拒否できない日本 〜アメリカの日本改造が進んでいる
関岡英之 (文春新書)
傑作(30点) 2004年6月16日 ひっちぃ
毎年日本とアメリカが交換している年次改革要望書。互いに相手の国に望むことを項目別に書いて伝えたものだというが、アメリカからの提案で始まったこの仕組みが、アメリカからの身勝手な要求による日本改造と言ってもよい目的に利用されているらしい。
作者は元銀行マンで、しばらく勤めたあと思い立って建築関係を勉強しなおした人らしい。
まずは作者が北京で行われた建築関係の国際的な集まりに参加したときのエピソードから始まる。建築関係の国際的な資格というものが、アメリカの主導と中国のサポートにより作られつつあるという。アメリカは広大な中国の建築市場を目当てに、自国の建築家たちが有利に仕事を取れるよう、自国の資格に非常に近い形で国際的な資格を定めようという狙いがある。中国は中国で、当時はWTO加入など国際的なビジネスへの参加を熱望していた。
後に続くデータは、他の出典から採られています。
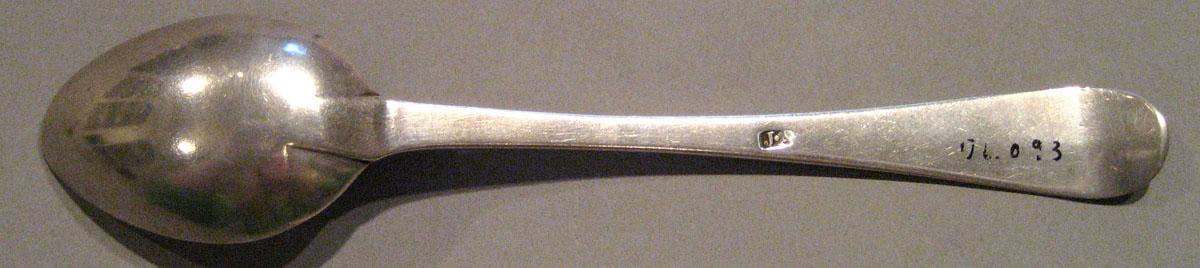 1998.0004.200 Silver Spoon underside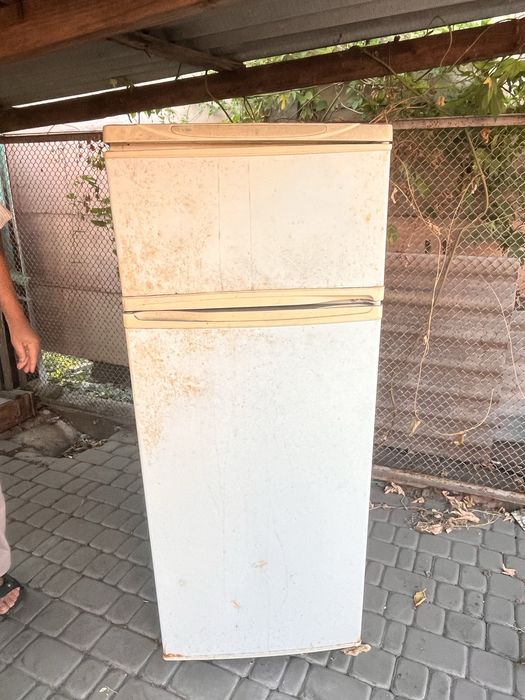 Холодильник б/у продам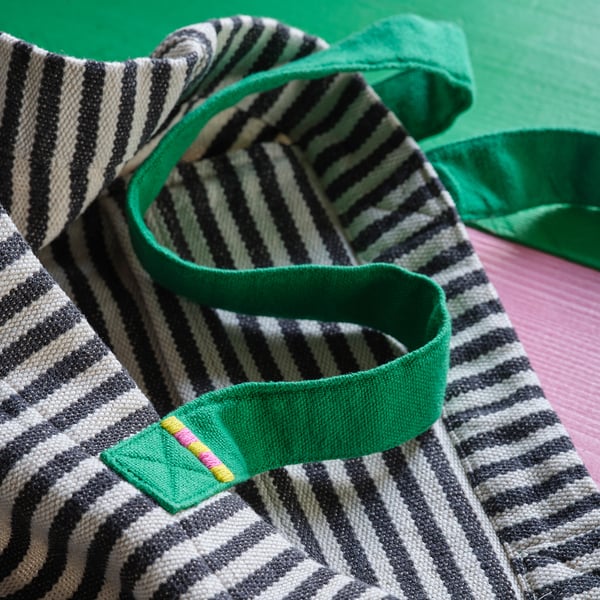 MÄVINN Sac, vert/rayure blanc/noir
恐らくこのアメリカと中国の間でなんらかの密約があったのではないかと推測している。
そこで思い出されるのが、国際的な金融業務を行うために必要だとされたBIS基準が無根拠に決められ、日本の銀行が狙い撃ちされたのではないかという話だ。ユニークな経歴を持つ作者は、当時ちょうど銀行に籍を置いており、必然的に思い出したという。
最近法律関係の番組が多いのは誰もが感じていることだろう。それも実はアメリカの戦略ではないかと作者は推測する。というのも、冒頭の年次改革要望書で、日本に法律関係の門戸開放も要求しているからだ。自国の弁護士に日本で仕事をさせろだとか、アメリカの企業が一民間人として談合や障壁を訴えられるようにしろだとか、自国の利益を追求する狙いがあるのだという。陪審員制もアメリカの要求を受けて作られたものではないかと作者は推測している。しかも、日本企業がアメリカで民間の陪審員のひいきにより多額の賠償金を支払ってきたのを横目に、アメリカ企業に日本で同じ轍を踏ませぬよう、裁判の種類によって限定する仕組みになっている。
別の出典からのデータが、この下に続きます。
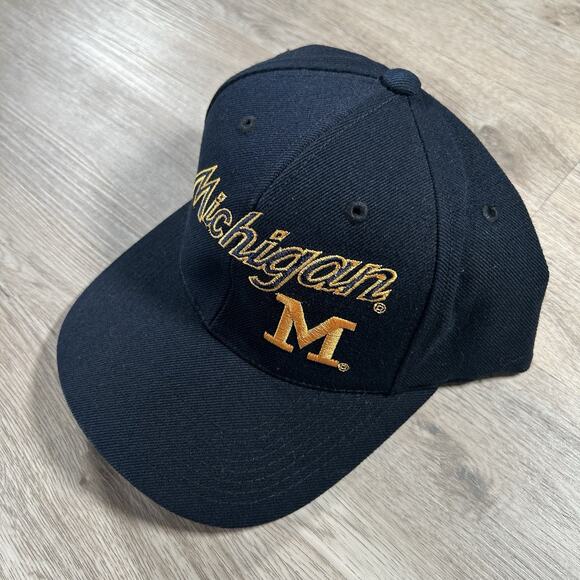 Vintage Sports Specialties Michigan Wolverines Hat Snapback Wool Blend Blue Cap - Picture 7 of 9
日本は日本で、アメリカからの圧力があることを公にしない。アメリカは、日本の仕組みを自国の圧力で変えさせたとはっきりと報告書を書いてインターネットに公開しているのだが、日本の政府やマスコミはそれをほとんど明らかにしていないのだそうだ。
最後のほうは、なぜアメリカがこのようなやりかたをするのかを、アングロ・サクソンと他の民族とを対比させたりして、大上段に構えて論じている。
非常に読みやすい本だった。割ととりとめなく書かれており、整理されていない印象もあるが、読者(つまり私)の興味をまんべんなく満たしてくれ、じれったさを感じない。
さすがに法律関係の番組が増えてきたことをアメリカのせいにするのはテレビを馬鹿にしていると思う。私は面白いと思ったし、多くの視聴者の支持を得ているからこそ増えているのだ。どうせ元ネタはアメリカの番組だろうとタカはくくるが、アメリカの圧力でここまでなったわけがない。が、そういう身近な例を挙げることで、ハッとさせられたことは確かだ。クリントン政権の閣僚が全員弁護士出身だったというチョイ話の紹介も面白かった。
作者自身も、この本は日本国民の関心を喚起するために書いたと言っており、舞台裏について入念な調査と裏づけをして体系立てて書いたわけではないと言っている。自分の実体験と、インターネット上に公開されている資料を読んで、読者に分かりやすく自分の感じたことを伝えたかったのだろう。その目的はしっかりと達成されていると思う。さらにそこから読者がこの世界の成り立ちについて考える手がかりも与えており、啓蒙の書としても良い具合になっている。